_What the task asks_
Every line below that contains the word "those" must be copied.
————————
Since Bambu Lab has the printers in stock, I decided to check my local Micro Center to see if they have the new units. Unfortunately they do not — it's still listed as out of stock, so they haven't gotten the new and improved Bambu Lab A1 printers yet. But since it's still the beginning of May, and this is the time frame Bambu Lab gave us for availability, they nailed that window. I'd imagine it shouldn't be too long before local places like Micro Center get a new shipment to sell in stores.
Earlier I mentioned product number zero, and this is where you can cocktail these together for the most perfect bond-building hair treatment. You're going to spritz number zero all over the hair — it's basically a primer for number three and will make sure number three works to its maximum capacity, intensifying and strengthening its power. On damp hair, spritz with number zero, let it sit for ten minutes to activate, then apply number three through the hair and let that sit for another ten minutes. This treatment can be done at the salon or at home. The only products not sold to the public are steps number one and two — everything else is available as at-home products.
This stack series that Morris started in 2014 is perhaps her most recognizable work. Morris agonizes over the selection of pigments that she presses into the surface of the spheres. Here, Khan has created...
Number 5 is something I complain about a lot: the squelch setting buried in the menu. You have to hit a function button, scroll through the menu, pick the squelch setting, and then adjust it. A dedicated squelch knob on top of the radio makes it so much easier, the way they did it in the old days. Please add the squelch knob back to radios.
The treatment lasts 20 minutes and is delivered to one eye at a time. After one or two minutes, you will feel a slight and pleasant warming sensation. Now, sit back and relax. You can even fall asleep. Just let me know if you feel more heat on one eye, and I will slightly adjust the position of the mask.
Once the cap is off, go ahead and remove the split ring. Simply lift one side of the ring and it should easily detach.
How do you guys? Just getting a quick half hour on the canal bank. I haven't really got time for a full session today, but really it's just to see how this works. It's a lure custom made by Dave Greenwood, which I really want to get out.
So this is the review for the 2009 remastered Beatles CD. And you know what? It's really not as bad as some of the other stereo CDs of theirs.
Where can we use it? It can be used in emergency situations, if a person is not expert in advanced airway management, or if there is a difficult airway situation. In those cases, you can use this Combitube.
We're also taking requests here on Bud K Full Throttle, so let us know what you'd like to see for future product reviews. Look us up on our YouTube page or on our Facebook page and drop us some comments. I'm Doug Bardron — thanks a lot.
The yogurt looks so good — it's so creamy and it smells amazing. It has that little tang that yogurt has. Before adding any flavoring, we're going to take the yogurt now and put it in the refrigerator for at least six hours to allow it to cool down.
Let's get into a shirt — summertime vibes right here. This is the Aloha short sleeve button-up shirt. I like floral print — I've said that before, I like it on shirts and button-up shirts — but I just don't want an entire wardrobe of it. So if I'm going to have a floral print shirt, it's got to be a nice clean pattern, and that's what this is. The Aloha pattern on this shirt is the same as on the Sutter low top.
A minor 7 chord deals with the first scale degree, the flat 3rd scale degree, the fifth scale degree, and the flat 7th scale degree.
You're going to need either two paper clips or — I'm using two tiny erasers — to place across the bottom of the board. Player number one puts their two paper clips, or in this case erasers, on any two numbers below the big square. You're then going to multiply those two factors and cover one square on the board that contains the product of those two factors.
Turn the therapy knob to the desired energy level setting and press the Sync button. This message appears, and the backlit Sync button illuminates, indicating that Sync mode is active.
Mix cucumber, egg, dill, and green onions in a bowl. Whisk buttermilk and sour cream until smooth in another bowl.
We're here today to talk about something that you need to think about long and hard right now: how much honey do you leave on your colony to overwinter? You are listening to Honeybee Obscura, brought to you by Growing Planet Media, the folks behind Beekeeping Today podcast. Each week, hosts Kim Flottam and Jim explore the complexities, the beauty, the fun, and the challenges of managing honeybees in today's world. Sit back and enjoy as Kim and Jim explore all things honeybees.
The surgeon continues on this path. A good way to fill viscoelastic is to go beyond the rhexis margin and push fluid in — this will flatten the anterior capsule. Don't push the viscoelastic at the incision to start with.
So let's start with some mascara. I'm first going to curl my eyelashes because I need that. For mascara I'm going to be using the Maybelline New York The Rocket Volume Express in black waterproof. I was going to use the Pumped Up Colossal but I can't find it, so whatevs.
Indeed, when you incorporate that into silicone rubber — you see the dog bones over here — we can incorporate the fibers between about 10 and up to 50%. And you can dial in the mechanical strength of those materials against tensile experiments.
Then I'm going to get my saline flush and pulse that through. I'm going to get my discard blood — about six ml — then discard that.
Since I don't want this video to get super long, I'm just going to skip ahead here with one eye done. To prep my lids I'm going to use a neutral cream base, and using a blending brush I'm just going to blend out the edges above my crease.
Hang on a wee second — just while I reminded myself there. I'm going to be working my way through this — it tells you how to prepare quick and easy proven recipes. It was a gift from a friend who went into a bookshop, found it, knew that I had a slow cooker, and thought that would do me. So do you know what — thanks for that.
————————
_The completed task_
Where can we use it? It can be used in emergency situations, if a person is not expert in advanced airway management, or if there is a difficult airway situation. In those cases, you can use this Combitube.
You're going to need either two paper clips or — I'm using two tiny erasers — to place across the bottom of the board. Player number one puts their two paper clips, or in this case erasers, on any two numbers below the big square. You're then going to multiply those two factors and cover one square on the board that contains the product of those two factors.
Indeed, when you incorporate that into silicone rubber — you see the dog bones over here — we can incorporate the fibers between about 10 and up to 50%. And you can dial in the mechanical strength of those materials against tensile experiments.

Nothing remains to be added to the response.